4. 2002: Golden State- Mike Dunleavy, Jr.
Dunleavy was the golden boy for the Duke Blue Devils during his 3 year career in Durham. He won a national title and was a First Team All-American at Duke. Hyped as the most versatile player in the NBA Draft, it's too bad he didn't have the same impact for the Golden State Warriors. Dunleavy provided some solid contributions for the Warriors, but never lived up to his hype or "potential" in his 4 years there. With Caron Butler being the next best Small Forward in the draft, the Warriors wish they could have this pick back. With a scorer and star like Butler on the team, Golden State could've expected a much more stable franchise.
3. 2006: Charlotte- Adam Morrison
Another player hyped up because of a fantastic final college season (Co-Player of the Year) and "versatile" basketball skills. Not to knock Morrison, but his play has severely diminished since his rookie season. Injuries have kept him from producing at a solid level since his 11.8 PPG rookie campaign. With the Bobcats passing on Brandon Roy, they passed on a perennial All-Star with elite scoring capabilities. The Bobcats' front office certainly has to wish that they could have this pick back, as Morrison is no longer with the team. Roy would be the centerpiece of a team that cannot seem to set anything in stone.
2. 2002: Denver- Nikoloz Tskitishvili
The classic case of an athletic big man with a good body and a good jump shot. The Nuggets bit on his versatility and "upside potential" when picking Tskitishvili. With the chance to pick up a much more sure thing in Nene or Chris Wilcox, the Nuggets truly messed up. (Thankfully for the Nuggets they ended up with Nene eventually.) If they had gone for the best available player, but taken a flyer on potential "maturity issues" in Amare Stoudamire, they would have hit a home run. He would have been an instant success in the Nuggets system, and he has already established himself as one of the League's most dominant big men. This is a classic case of taking a chance on something with the potential to be great and passing on something that already is.

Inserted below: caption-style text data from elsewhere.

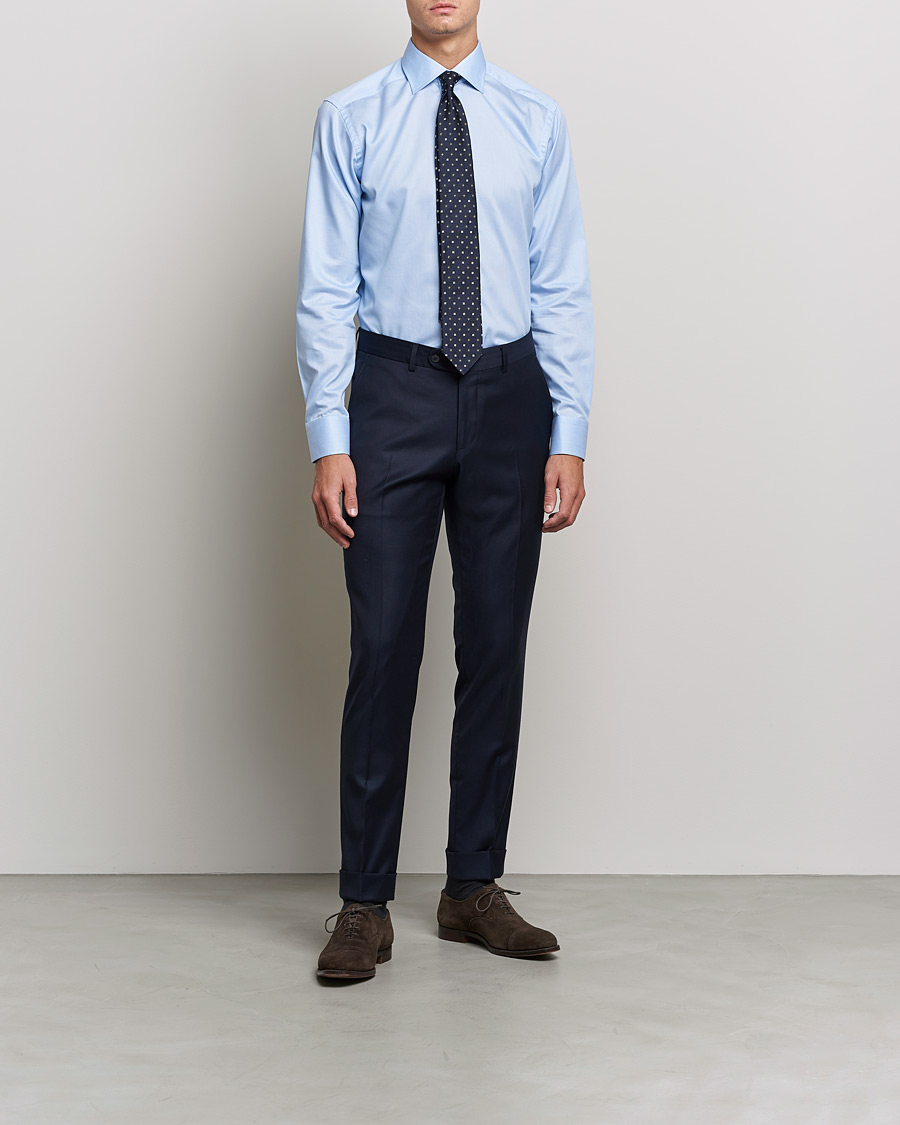 Homme | Chemises | Eton | Striped Fine Twill Slim Shirt Mid Blue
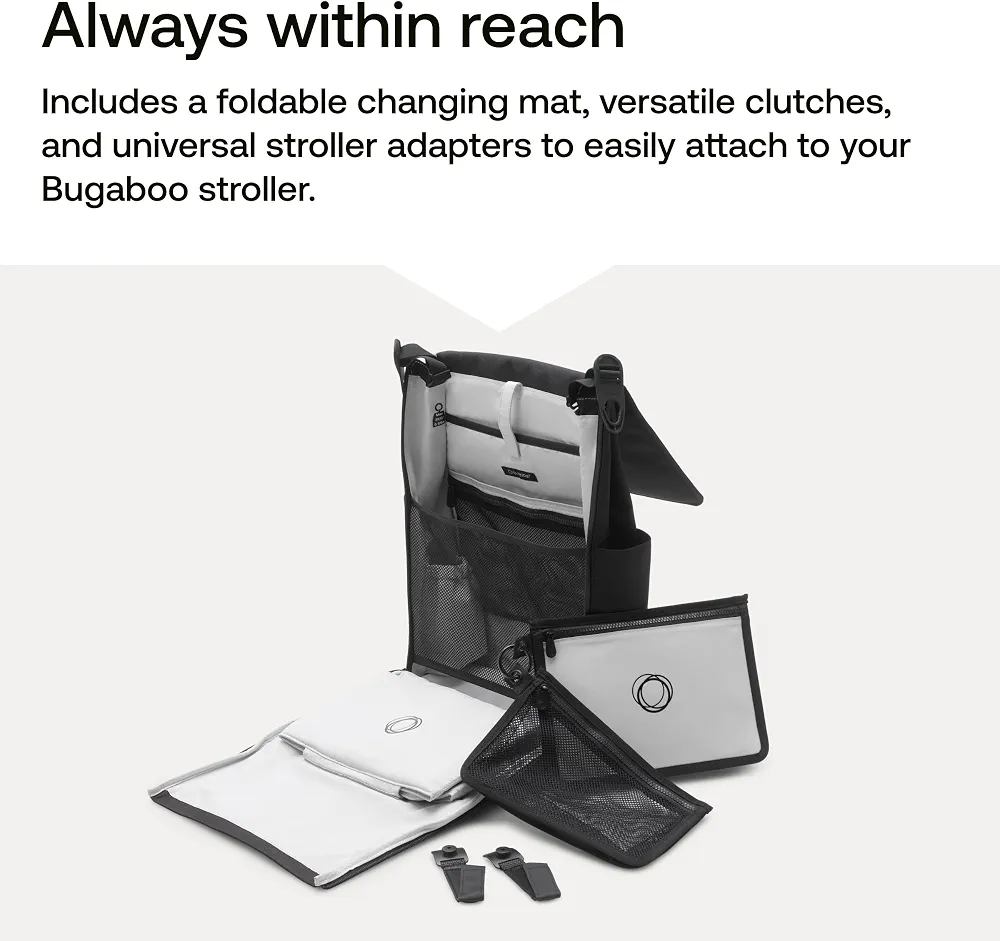Bugaboo Sac à dos à langer, sac durable fabriqué à partir de matériaux recyclés, hydrofuge, facile à nettoyer, comprenant un matelas à langer et un porte-bouteille isotherme, Midnight Black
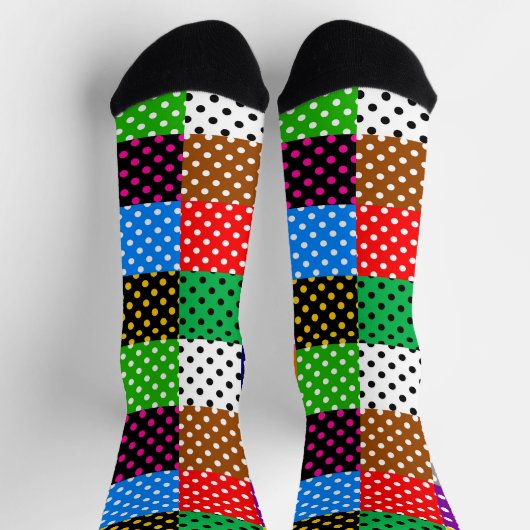 Veelkleurige Patchwork Quilt Polka Dots Sokken (Top)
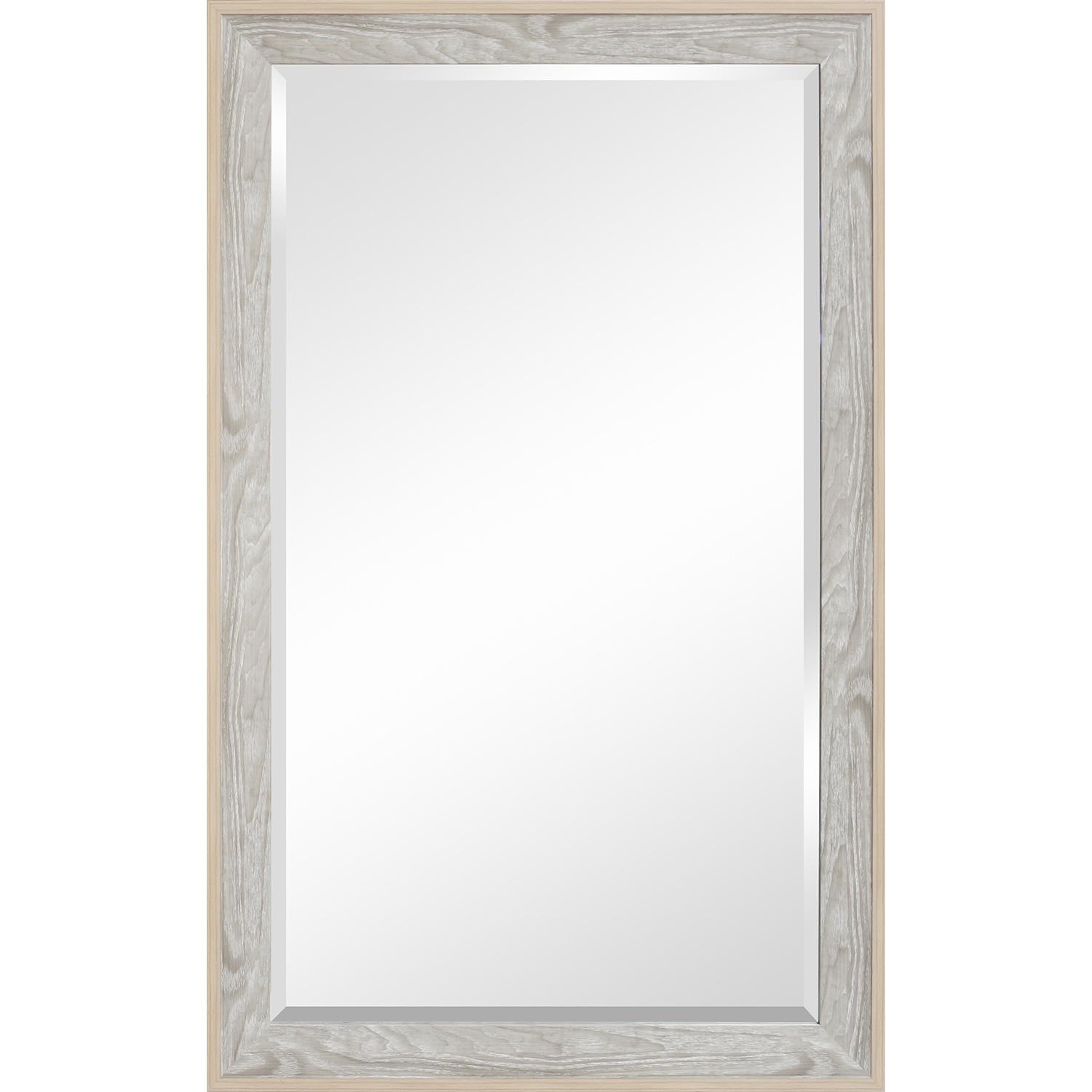 30" x 48" Wall Mirror- Grey Wood with Natural Trim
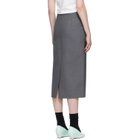 SHUSHU/TONG Gray Straight Fitted Midi Skirt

1. 2003: Detroit- Darko Milicic
This is another case of the skilled, athletic, and versatile Euro big man being overvalued. Darko was viewed as a player for the future on an already stacked team. The first thought is "Why did they not draft Carmello Anthony or Dwyane Wade?", but truth be told, they would not have fit the Pistons need system at that time. The Pistons needed a solid big man who could produce down low, not a perimeter scorer. Taking Chris Bosh, a perennial All-Star, would have solidified the Pistons' front court and added a great shot blocker and rebounder. They also could have opted to draft Anthony or Wade and used them as trade bait. Even though the Pistons went on to win an NBA Title the following year, Bosh would have further solidified an already solid team, and set them on a steady course for the future. By drinking the proverbial Kool-Aid, the Pistons have left themselves with a struggling franchise. This pick combined with the aging and departure of their core players, has left Detroit scattering to put together a solid team for the future.
To Sum It All Up
In short, many teams have bit on the bait of taking tall "skilled" and "versatile" players with "high upside", instead of going for consistent contributers.